Some anglers seem to have the opinion that you can cast Solid Bags anywhere you want, even in heavy weed, but you will never see me doing that. I have no confidence that my hook bait will be presented properly and for that reason I will always spend time searching for clear areas in the weed to cast onto instead. As long as I find a clear area where I can feel a drop, or I know that I have found a patch of silt, I am happy to fish it. It is fine to fish in silt with Solid Bags, although if the silt is very soft then the bag will sink into it over time. For that reason I will tend to cast quite regularly to ensure that my bait is always as attractive as possible because silt can tend to have an affect on the attraction of your baits.
I have also come across anglers who believe that solid bags will present over silkweed, again in my experiences this is unfortunately not the case. No matter what setup you use in silkweed it will inevitably become engrossed by the stuff so I would not recommend fishing in silkweed, ever.
When there is a leader ban on a water, up until recently it was extremely difficult to have Solid Bags prepped, but that’s not the case any more. We now have a way around this with the introduction of Solid PVA Bag Stems. With these stems you cannot fish the lead drop-off style but I’ve not found that to be an issue. As long as you keep a constant steady pressure it is possible to land fish without dropping the lead, even in weedy waters, although I do prefer to fish drop off style when fishing amongst weed.
Solid Bags made using Hobo Armour PVA Bag Stems
Solid Bags, in my opinion, should be nothing more than a mouthful, so with that in mind I always opt to use a Small Bag. As well as only being a mouthful a smaller bag is much more aerodynamic meaning they cast a lot further. You can also get them much more compact than the larger bags. I use a 3oz lead exclusively with my setup, I can cast over 100 yards comfortably with that arrangement and although it may seem a bit much, having a 3oz lead helps to set the hook.
STEP BY STEP GUIDE
1.) Take a small bag and blow into it so it’s not stuck together. Make sure the corners are separated then put a small amount of bait in the bottom of the bag.
2.) Lower the rig into place and hold the lead at the top of the bag. I try to lay my rig out so the hook bait is in one of the corners with the hook-point facing downwards to minimise the chance of tangles.

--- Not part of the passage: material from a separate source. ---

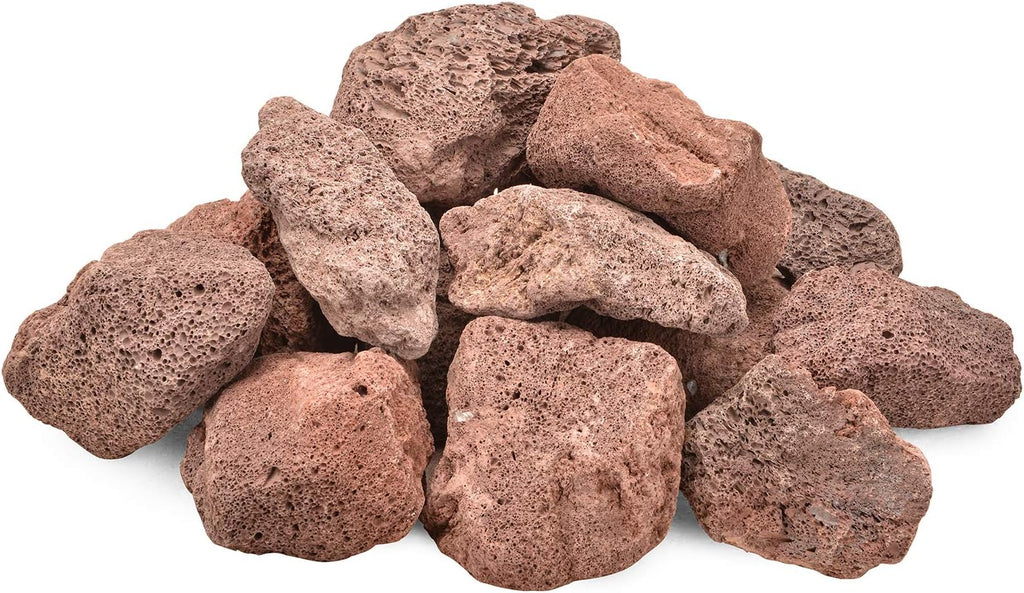 Skyflame 10LB Natural Lava Rocks for Fire Pits, Fire Tables, Fireplaces, Garden Landscaping Decoration, Indoor and Outdoor Use, 3"-5" Sizes, Red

3.) Holding the lead at the top of the bag, I then fill the bag 2/3 of the way with the pellets. Then I hold the filled section of the bag and push the lead into the pellets, roughly half way down the lead, making sure I have as much separation between the bottom of the lead and hook bait as possible.
4.) I then top up with pellets so it just covers the top of the lead. Then I twist the top of the bag and compact the pellets by tapping the bag repeatedly until it becomes tightly packed.
5.) Once I’ve twisted the top to form the shape of the bag, I then use PVA string to tie the top. Some people use the twist and lick method but I find that I get them much tighter using PVA string.
6.) Lastly, I trim the excess string and bag material away. Then I lick and fold the corners to make it more aerodynamic. Now it’s ready to go.